Lesotho, by virtue of being a member of the African Union, is a signatory to the African Union Agenda 2030: The Africa We Want. This document is driven by seven aspirations. The two that I have interest in are, “an Africa of good governance, democracy and respect for human rights” and “a peaceful and secure Africa.”
These two aspirations seem to tie in with what Lesotho is trying to achieve with its Vision 2020 and currently the national reforms programme even though what is happening on the ground seems to point in a different direction.

There is an old adage that says charity begins at home. This means before going out and doing things for others, we must begin in our own homes. For Lesotho, this means if she is to effectively and meaningfully contribute towards a peaceful Africa that respects human rights, she must first do that in her own backyard.
Unfortunately, what is happening in Lesotho points to a different direction. We are living in a country where killings of people have become a favourite activity for others. We have lost count of people that have died in police custody or have been killed by fellow villagers who no longer have trust in our legal system. In a way, Lesotho is slowly turning into a jungle.
Chetan Mane once stipulated that the first rule of the jungle is, “hunt before they hunt you.” True to the words of Mane, Basotho have now made it their mission to hunt for alleged criminals. Vigilantism is now the new law in our beautiful Mountain Kingdom.

In July, about three people were killed in the Mosalemane area for allegedly killing a woman for ritual purposes. The villagers hunted and killed the two suspects in Mosalemane while the third victim was killed in neighbouring South Africa.
In another incident, the villagers of Tsoapo-le-Bolila a week ago killed two men. These men had allegedly killed a factory worker around Ha Tsolo. Unfortunately they met their fate in the form of mob justice as they tried to run away. These are just a few examples of the acts where people have decided to take the law into their own hands.

Basotho have had enough of the incompetence displayed by our judiciary and the whole legal fraternity. Cases take far too long to be prosecuted. The most unfortunate part is that sometimes witnesses die before the victims are accorded justice.
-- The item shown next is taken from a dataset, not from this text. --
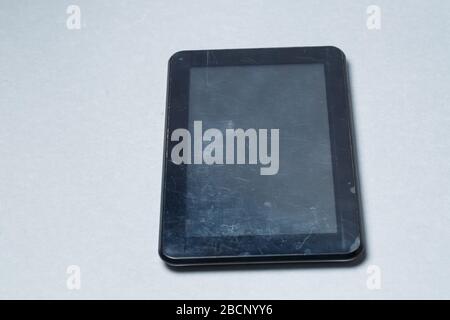 Schwarz verkratztes Tablett mit einer Schutzfolie auf grauem Hintergrund. Schützen Sie den Bildschirm Ihres Geräts Stockfoto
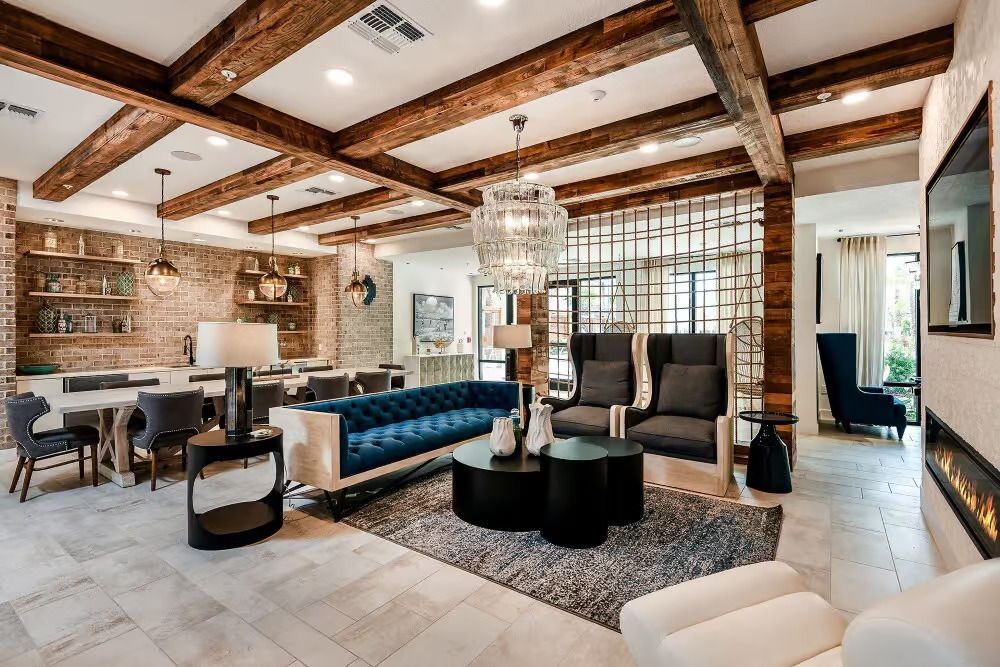 A living room with a couch, two coffee tables, wall art and plants.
This is perhaps the reason why they want to urgently “deal” with those that have wronged them.
The latest turn of events that is also likely to delay justice in Lesotho, especially for the poor, is the new policy that the government has put into place. According to this policy, the next of kin of a deceased who has to undergo a post-mortem, now have to pay the full fee for the pathologist. On top of that, forensics are taking forever to be sent to South Africa as the government does not have money to pay for the results.
The implication of this is that even those who can afford to pay the pathologists will still not know what happened to their deceased as it is not known when the samples would make it to the laboratory in South Africa.

The samples might even be destroyed and become unusable due to poor storage. Or worse, they may even disappear. In both cases, this would compromise investigations into the case. That situation may lead to the stalling of the case and result in the delay of justice.
There is something that needs to happen and it should happen quickly for justice to prevail and human rights to be respected in Lesotho. It is unbecoming that our courts can spend the whole night deliberating on a political case but take centuries on a murder case.

It is also a very disturbing trend that the bulk of the funds meant for the judiciary are spent on hiring foreign judges to preside on cases of a political nature that should have been dealt with amicably. Lesotho appears to prioritise political cases over those of murder, rape and corruption that affect the ordinary people.
The time is also now for the police and prosecution to treat cases with the seriousness and professionalism they deserve. We need to live in a peaceful and serene Lesotho that is governed by the rule of law.